What makes these claiming series worthy of attention is that they have great appeal to many different racing interests. Everyone across the spectrum, including owners, trainers, drivers, bettors and the host track itself stands to benefit through the production of the series.
It makes me wonder why there aren’t more claiming series elsewhere. In addition to Pocono, tracks in Ohio such as Northfield Park and Miami Valley have recently conducted similar progressive level claiming series, but the events seem sparse elsewhere. Which is hard to figure when you consider the amount of claiming activity that these series spur, and in turn have the benefit of producing excess tax revenues with each claim. Claiming series like the “Fight The Foe” from the early 2000s at the Meadowlands ceased long ago.
But back to Pocono. This weekend and the ones that follow is going to produce a good racing product, or at least a better product than there would be if not for the claiming series. The way the series works is that there are three preliminary legs and then a final. Through each preliminary leg, the claiming price increases. So, for the $25,000 event, as an example, horses start in the first leg for a tag of $25,000, then $27,500 and then $30,000. Horses earn points along the way to qualify for the final, which goes for $50,000 and where horses cannot be claimed at that point.
The structure of the series puts an emphasis on strategy. In last year’s $25,000 claiming event, a horse named Trente Deo won his first leg. He raced again in the second leg but was claimed out of that for the second leg premium of an additional $2,500. Then, knowing he had enough points to qualify for the final, the connections sat him out of the final preliminary leg before racing in the final, and winning it. In those couple of weeks, the connections earned back a large percentage of what the claim cost.
Claiming action is frantic during these series, and so nearly every horse is out to win every week because not only are they trying to earn points for the series final, but also because there is a good probability that the horse will be claimed away from them and this is the current connections last chance to earn money with the horse. In most races you can take a week easy here or there and come back next week, but there’s much more of an emphasis on the here and now in these series. Because of that, drivers are far more aggressive, and the races become more viewable and more importantly, bet-able.
In addition to a series final that has a purse equal to double the claiming price ($15,000 claimers race in a series final for $30,000), every preliminary leg has a purse equal to the base claiming price at the start of the series. It’s rare that $15,000 claimers can race for a purse of $15,000 in three straight weeks. It goes similar for a $7,500 claimer that if it were to sweep the series, it would earn close to $20,000 in purse winnings in less than a month. Now, if a horse were that good to potentially sweep than it’s almost certain he would get claimed at some point, but that all plays in to the series strategy and puts the added emphasis on a higher than usual level of competition in a rent-a-horse-for-a-week type of scenario.

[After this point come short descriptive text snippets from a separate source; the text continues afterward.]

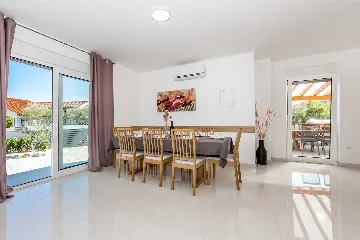 4-Bedroom Villa in Šibenik with Swimming Pool
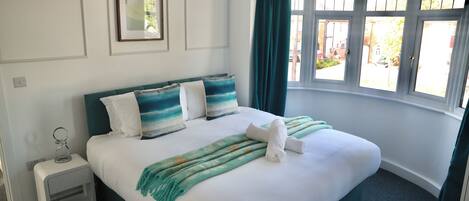 3 chambres, fer et planche à repasser, Wi-Fi, draps fournis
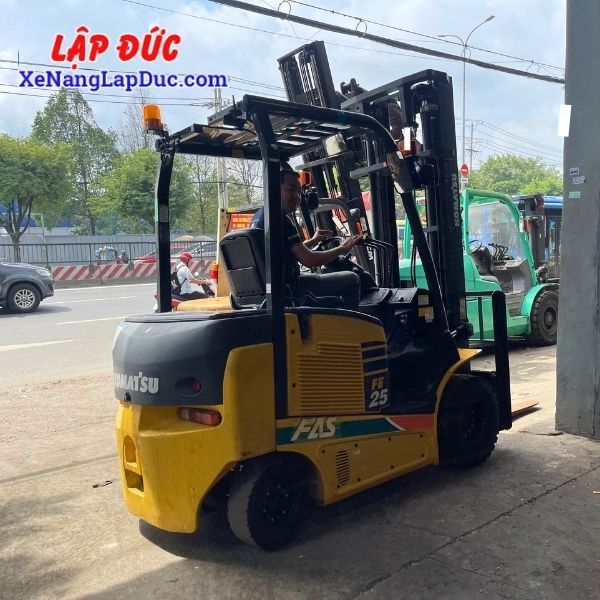 xe-nang-dien-ngoi-2-5-tan-komatsu-fe25-1-2(3) Xe Nâng Điện Ngồi 2.5 Tấn KOMATSU FE25-1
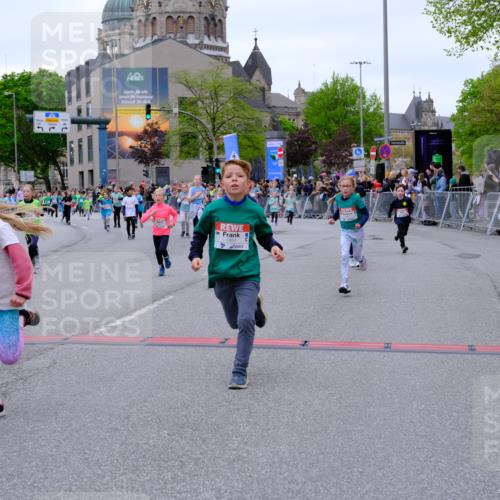 25.04.2026 - Das Zehntel Tim E. http://msf.ph/oto/9577688 25.04.2026 11:01:04 Ziel 5160, 5171, 5478, 5588, 5672, 5714, 5765, 5950, 5966, 6211, 6435, 6444, 6509, 6575, 6594, 6656, 7304, 7323, 7495, 7510, 7528, 7671, 7676, 7804, 7865 meine-sportfotos.de
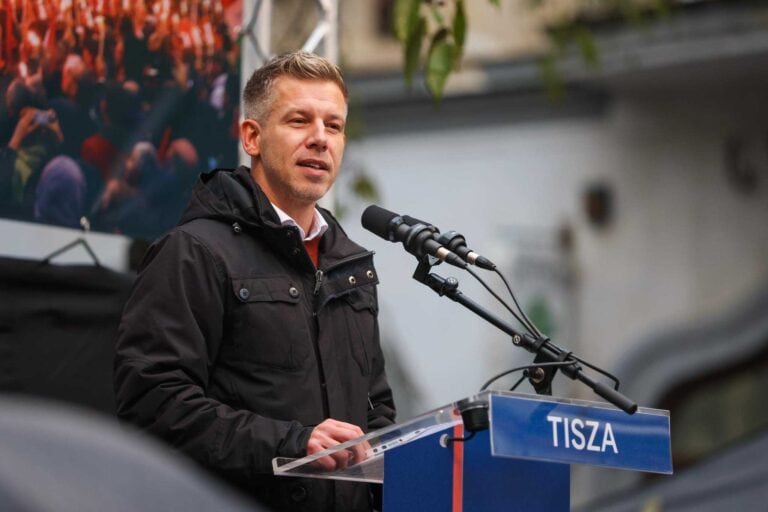 Magyar Péter üzent Zelenszkijnek: Egy külföldi állami vezető sem fenyegethet egyetlen magyart sem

This is particularly true on Saturday in the $25,000 event in which seven divisions have been carded, as opposed to four divisions for the $15,000 variety. With seven divisions, it puts pressure on the horses to deliver a first or second in order to determine the claim or protect strategy in the remaining legs.
Pocono director of racing, Rick Kane, describes the creation of the series last year as a way to fill a void. “Last year, we opened up very early compared to when we normally open up. Usually we open the third or fourth week of March and now it’s early February. So, we needed something to boost our numbers for the entries and it seemed like a logical fit to use a claiming series,” Kane said.
The success of the series from last year was unmistakable. For instance, in just the first four days of the meet in February of 2020, there were 47 claims totaling over $800,000. And it’s reflective of the setup for this year’s series that start Saturday.
“The nominations and entries are way up from last year,” said Kane. “It was a bit of surprise really, but obviously (the owners and horsepeople) liked what they say last year so a lot more people have jumped into it this year.
“This is a very active claiming track as it is. One year in fact we had over 900 claims. So, compared to a lot of other tracks, there is a lot of claiming activity here.”